"Miss Hicks," says she.

"I beg your pardon—my dear girl, then," said I. "I've come over to the bunch to confess. You've busted us. We're on the mat nine points down and yelling for help. We don't want to run things. We only want to be allowed to live. We surrender. We give up. We humbly ask that you prepare the crow and let us eat the neck. Isn't there any way by which we can get a little something to keep us busy and happy? We're in a horrible situation. Aren't you even going to let us have the Athletic Association next spring?"

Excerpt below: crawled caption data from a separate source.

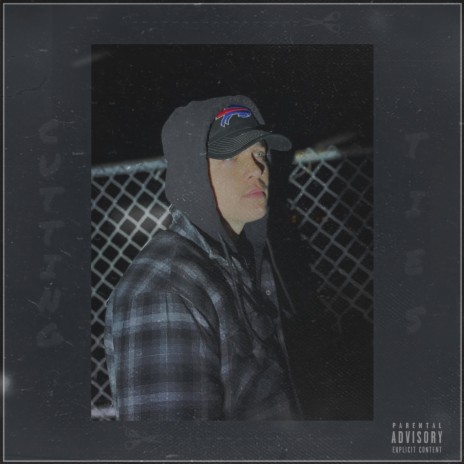 Cutting Ties cover art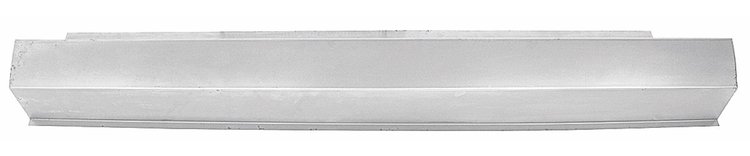 63-65 Riviera Steel Outer Rocker Panel
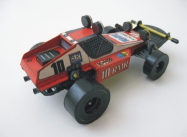 ABC-Dzeta (racing buggy)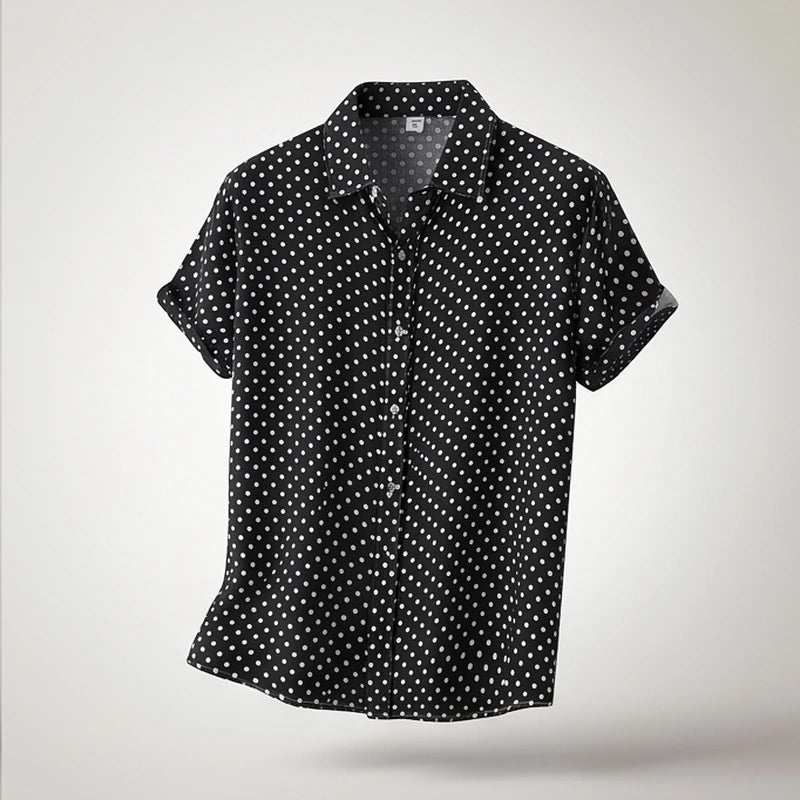 Bremen Dot Shirt
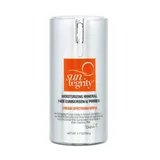 Suntegrity - Moisturizing Mineral Face Sunscreen & Primer, SPF 30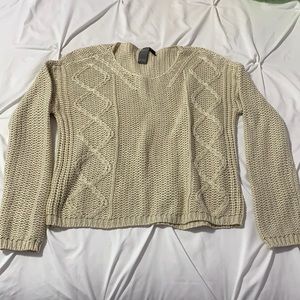 Quinn Women’s Sweater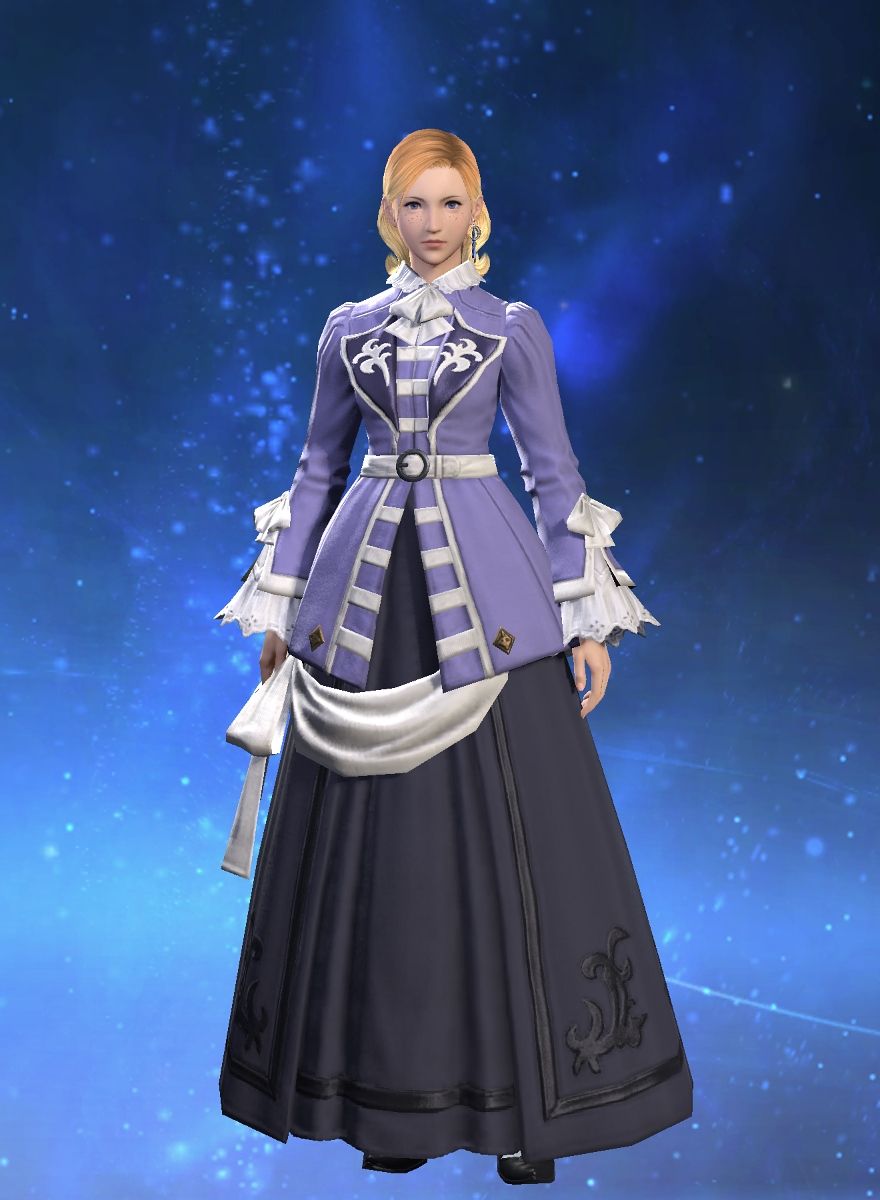Anaria Lionheart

"I was thinking of running that myself," said Miss Hicks thoughtfully.

I let out an impolite groan.

"But I'll tell you what you might do," said Miss Hicks. "You boys might try to win my crowd away from me. You see, you've played right into my hand so far. You haven't paid any attention to my supporters. Now, if you were to go after them the way you do the other girls in the college I shudder to think what might happen to me."

"You mean take them to parties and theaters?"

"Why not?" asked Miss Hicks. "You see, they're only human. I'll bet you could land every vote in the bunch if you went at it scientifically."

"But—"

"Oh, I know they're not pretty," said Miss Hicks. "But they cast the most bee-you-ti-ful votes you ever saw."

"What you mean," I said, "is that if we don't show those girls a superlatively good time this winter we won't get a look at the election next spring?"